In 2009, I was deep in the process of writing a travel guide to Suzhou. I’d been wandering its famous classical gardens, notebook in hand, when a friend introduced me to an essay by Ye Shengtao called The Suzhou Garden (苏州园林).
At the time, I had only translated poetry – snippets of verse, fragments of thought – but this was prose. My first full piece. I didn’t know it then, but that single act of translation would open far more than a window into Suzhou’s past. It opened a doorway into myself.
🪷 A Garden, and a Turning Point
The essay is simple – elegant, understated, and beautifully structured. Just like a Suzhou garden.

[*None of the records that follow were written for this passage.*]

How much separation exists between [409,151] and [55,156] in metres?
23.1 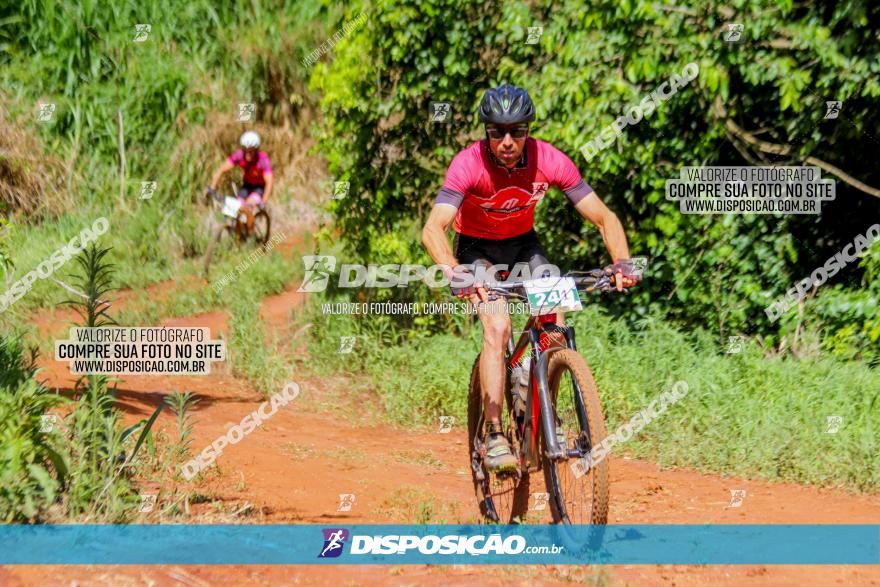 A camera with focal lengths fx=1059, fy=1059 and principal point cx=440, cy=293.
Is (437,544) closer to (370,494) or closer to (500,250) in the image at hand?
(370,494)

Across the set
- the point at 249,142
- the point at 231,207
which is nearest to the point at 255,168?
the point at 249,142

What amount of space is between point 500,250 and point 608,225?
2.36 feet

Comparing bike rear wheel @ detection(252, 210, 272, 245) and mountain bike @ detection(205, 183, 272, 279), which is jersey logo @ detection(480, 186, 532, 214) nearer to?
mountain bike @ detection(205, 183, 272, 279)

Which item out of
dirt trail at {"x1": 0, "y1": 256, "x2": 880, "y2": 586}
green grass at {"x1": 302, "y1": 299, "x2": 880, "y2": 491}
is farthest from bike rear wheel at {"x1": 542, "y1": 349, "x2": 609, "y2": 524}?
green grass at {"x1": 302, "y1": 299, "x2": 880, "y2": 491}

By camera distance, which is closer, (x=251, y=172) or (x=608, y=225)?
(x=608, y=225)

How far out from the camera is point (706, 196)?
9.09 meters

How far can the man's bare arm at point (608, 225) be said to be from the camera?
217 inches

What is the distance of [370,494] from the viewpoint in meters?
6.58

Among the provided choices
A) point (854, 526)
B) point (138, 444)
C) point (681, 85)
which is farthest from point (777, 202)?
point (138, 444)

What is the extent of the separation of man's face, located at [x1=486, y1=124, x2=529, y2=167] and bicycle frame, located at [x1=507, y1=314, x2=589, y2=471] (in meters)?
0.87

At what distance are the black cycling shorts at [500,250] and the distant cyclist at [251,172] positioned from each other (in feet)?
27.2

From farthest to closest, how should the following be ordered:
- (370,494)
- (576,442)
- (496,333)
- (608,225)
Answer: (370,494), (608,225), (496,333), (576,442)

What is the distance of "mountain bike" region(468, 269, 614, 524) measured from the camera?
5047 mm

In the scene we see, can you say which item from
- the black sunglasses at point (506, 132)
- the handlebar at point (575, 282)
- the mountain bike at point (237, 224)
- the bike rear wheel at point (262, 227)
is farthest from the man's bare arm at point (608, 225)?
the bike rear wheel at point (262, 227) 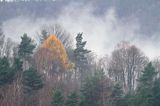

In translating it, I wasn’t just transferring words from Chinese to English. I was learning to walk through ideas differently. To consider shape and structure. To leave space for silence. To honor stillness alongside clarity.
That little essay became a pivotal moment in my life as a writer, thinker, and translator. It helped me understand what it meant to carry someone else’s voice in your own rhythm. And it’s remained with me ever since.
✨ A New Edition, with Quiet Additions
Today, I’m quietly releasing an eBook edition of my translation of The Suzhou Garden on my website.
🧾 It includes a new introductory essay,
🖋️ And a new set of translator’s notes – part reflection, part linguistic appreciation, part personal journey.
Reading the original, and reflecting on my own process of translation, felt like walking through one of Suzhou’s gardens again: turning unexpected corners, doubling back, pausing at sudden vistas.
This edition isn’t a reprint. There are no plans to publish it in print, at least for now. I simply put it together because a few followers on Xiaohongshu asked if it existed, and that made me realize how much I still cared for the piece.
You can find the eBook here, available for $3.30 SGD (roughly $2.50 USD):
🔗 The Suzhou Garden – eBook Edition
💭 Why It Still Matters
It’s a small essay. Unassuming.
But sometimes, it’s the smallest spaces that reshape us the most.
This text reminded me of the deep quiet power of literary prose. Of the value of deliberate design. Of beauty that unfolds slowly.
It was never meant to be a “big project.” It simply was.
And maybe that’s why it stayed with me.
If you’re curious about Suzhou, about translation, or about how a garden can be read like a poem, I think you’ll enjoy this quiet little work as much as I have.
And if you do read it, let me know where it takes you. I’d love to share your journey too.
©2025 Shelly Bryant
I just bought it and read through it twice. I'm sure I'll read it again. Lovely.
This might sound crazy, but much of what you wrote reminded me of a good relationship. A marriage, a sisterhood, a friend who we trust with all parts of ourselves. The way the full breadth of a parent as a person is realized by their child over years of beauty and wear. The way the full breadth of a child as a person is realized by their parent in exactly the same way. The slow unveiling of the whole.
I loved this so much.
love it! It goes hand in hand w/ a conversation I just had w/ ChatGPT...yes, I talk to my computer! :0 I think I will make a post from it as well! thank you!